Herne. . Ifürel-Geschäftsführer Henrich Kleyboldt spricht im Samstagsinterview über die Kultur in seinem Unternehmen und über die schwierige Fachkräftesuche.
In fast 140 Berufen droht in den nächsten Jahren ein akuter Fachkräftemangel. Das hat das Institut der Deutschen Wirtschaft in einer Studie ermittelt. Frank-Jürgen Weise, Chef der Bundesagentur für Arbeit, schlug sogar vor, dass Arbeitnehmer freiwillig bis zum 70. Lebensjahr weiterarbeiten. Auch Herner Unternehmen klagen zunehmend über die vergebliche Suche nach Fachkräften. Zu ihnen gehört der Industriedienstleister Ifürel. Geschäftsführer Henrich Kleyboldt erläutert im Gespräch mit WAZ-Redakteur Tobias Bolsmann mögliche Ursachen und Strategien, dem Mangel entgegen zu wirken.
Herr Kleyboldt, im Konjunkturausblick der WAZ hatten Sie berichtet, dass Ifürel im vergangenen Jahr die Belegschaft um etwa 100 Mitarbeiter aufgestockt hat. Das hört sich zunächst nicht nach Mangel an.
Kleyboldt: Wir haben 2014 viele Mitarbeiter beschäftigt, die eigentlich nicht die nötige Qualifikation für die Anforderungen mitgebracht haben. Um dieselbe Qualität der Arbeit für den Kunden zu gewährleisten, steigt unser Aufwand, und wir werden ineffizient. Qualität aber ist für unser Unternehmen extrem wichtig. Wir sind ein Dienstleister, und wir verdienen unser Geld damit, dass unsere Fachkräfte in sehr sensiblen Bereichen von Industrieanlagen gute Arbeit leisten. Leider stellen wir fest, dass wir gut ausgebildete Fachkräfte mit Erfahrung am Markt einfach nicht finden.
Haben Sie eine Erklärung dafür?
Es gibt schlichtweg zu wenig Nachwuchs.
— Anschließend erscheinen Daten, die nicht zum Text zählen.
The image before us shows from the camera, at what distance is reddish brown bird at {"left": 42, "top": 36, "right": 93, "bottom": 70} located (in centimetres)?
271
Vielleicht ist es so, dass sich junge Leute nicht mehr so mit technischen Berufen beschäftigen. Vielleicht wird auch in der Schule zu wenig für die technischen Fächer begeistert. Vielleicht werden aber auch kaufmännische Berufe überschätzt und handwerkliche unterschätzt.
Aber Sie könnten ja für den eigenen Bedarf ausbilden...
...das machen wir ja schon. Wir haben in diesem Ausbildungsjahr die Zahl der gewerblichen Auszubildenden von drei auf sieben erhöht. Doch wir stellen bereits bei der Auswahl der Bewerber fest, dass es schwierig ist, gute Leute zu finden. Im Übrigen können wir einfach nicht gegen den Fachkräftemangel ausbilden.
Wie versuchen Sie dann, neue Mitarbeiter zu gewinnen?
Wir müssen unsere Attraktivität als Arbeitgeber erhöhen. Zum Beispiel durch die Schaffung von fairen Arbeitsbedingungen.
Das müssen Sie erklären.
Wir haben uns vor einiger Zeit die Frage gestellt, welche Aspekte neben einem angemessenen Einkommen für Mitarbeiter wichtig sind.
Und das Ergebnis?
Dazu gehören sicherlich Entwicklungsmöglichkeiten innerhalb des Unternehmens und ein respektvoller Umgang im täglichen Miteinander. Das alles wird getragen von einer entsprechenden Führungskultur.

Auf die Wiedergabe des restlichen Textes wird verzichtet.